RBA holds rates but will they increase QE?

Next up in our choose-your-own-adventure series, is what the Reserve Bank of Australia did.

Or in this case, didn’t do. Again.

Unsurprisingly, our mates at the RBA kept the cash rate at 0.10%. Doubling down on their commitment to keep rates low until 2024.

One thing to note about these policy meetings, is how uneventful they’ve become.

Gone are the days where managers would interrupt meeting to announce the RBA’s decision.

Nowadays, the outcome from that first Tuesday in the month barely gets a mention.

Much like the Federal Reserve Bank, our own central bank communicates its intentions to the market so there’s no surprise. Making pretty much every statement feel a bit like a cut and paste job.

One thing worth watching for July though, isn’t the rate decision. Rather it’s the RBA’s stance on the next round of quantitative easing (QE).

The RBA joined their cohorts late last year by introducing QE for the first time.

Our first $100 billion bond buying program quickly turned into a second $100 billion program less than six months later.

As the Australian Financial Review pointed out during the week, this second program may not actually end, rather become a ‘flexible’ QE program going forward. With the AFR suggesting the July meeting may signal this change, writing:

More bond purchases are coming – it’s just a matter of the precise quantities and over what timeframe.
This is where Lowe may be wise to introduce flexibility.

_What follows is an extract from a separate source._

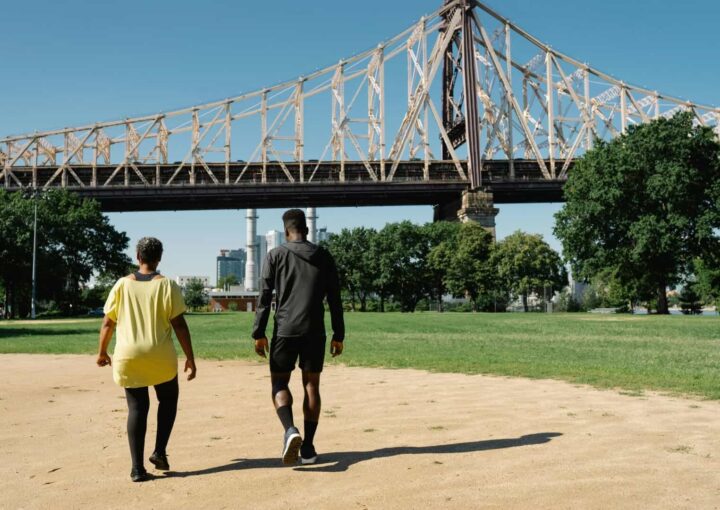 Bright sunny day at Bay-O-Vista Swim & Tennis Club, featuring outdoor activities, tennis courts, and scenic views of bridges and city skyline for recreation and community events.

As I noted last month and earlier this week, flexibility may have some advantages.
Westpac chief economist Bill Evans on Friday updated his guidance to predict that the RBA may shift to a more flexible QE model.
“The QE program has now matured to allow the board more flexibility,” he said. “We expect the governor to announce an open-ended $5 billion per week purchase program, to be reviewed later in 2021.
“We continue to expect that the ultimate level of additional purchases will reach $150 billion.”
That would equal a total of $350 billion in QE.

What would continuing this QE mean for Aussies? Ongoing QE flags prolonged economic weakness.

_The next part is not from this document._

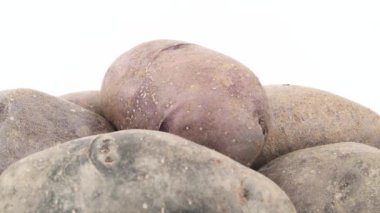 Mor patates yığın üst kısmı makro çekim. Beyaz arka plan üzerinde izole pikap üzerinde yavaş yavaş döner. Yakın çekim.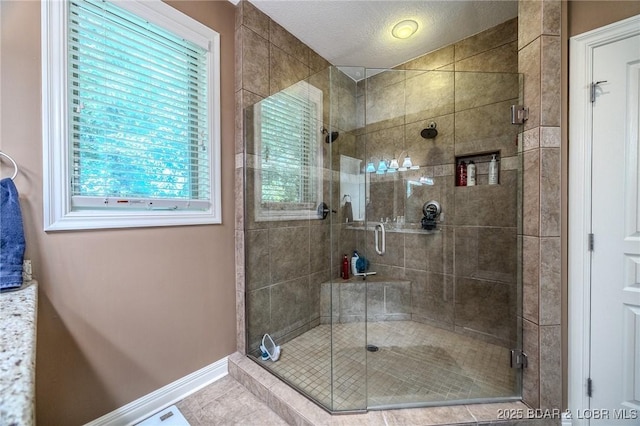 full bathroom featuring a stall shower, tile patterned flooring, baseboards, and a textured ceiling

The RBA have the wage growth in their crosshairs, and a consumer price index (CPI) rate between 2-3% slightly to the left. Without any meaningful lift in this data set, the QE program is likely to roll on.

We’ll come back to this topic in July.

Until then, we need to look at some of the behind-the-scenes machinations in the gold markets.

Gold gets an upgrade

Today we wrap up with a complex beast.

The mysterious inner workings of the overseer of global banks - The Basel Committee - part of the Bank for International Settlements.

Or at least, we’re going to start exploring what impending changes from this mob mean for those in gold.

This opaque committee is the guardian of what assets banks hold, the risk rating for them and just how much a bank should hold.

When there’s a financial market whoopsie, The Committee sets out to establish new rules to avoid it in future.

As an aside, these rules set out by The Committee don’t have legal force, rather ‘the BCBS relies on it’s members’ commitments, as described in Section 5, to achieve its mandate’ says the BIS website.

Legal standing or not, the guidelines The Committee set out are largely followed.

However, the Basel III changes suggested a few years ago are about to come into play. Some of those may cause a stir in the gold markets.

Now Basel III - as Nick Frappell wrote recently - is the response to one of the biggest market whoopsies in recent memory, the financial crisis of 2008 (or GFC as us Aussies refer to it).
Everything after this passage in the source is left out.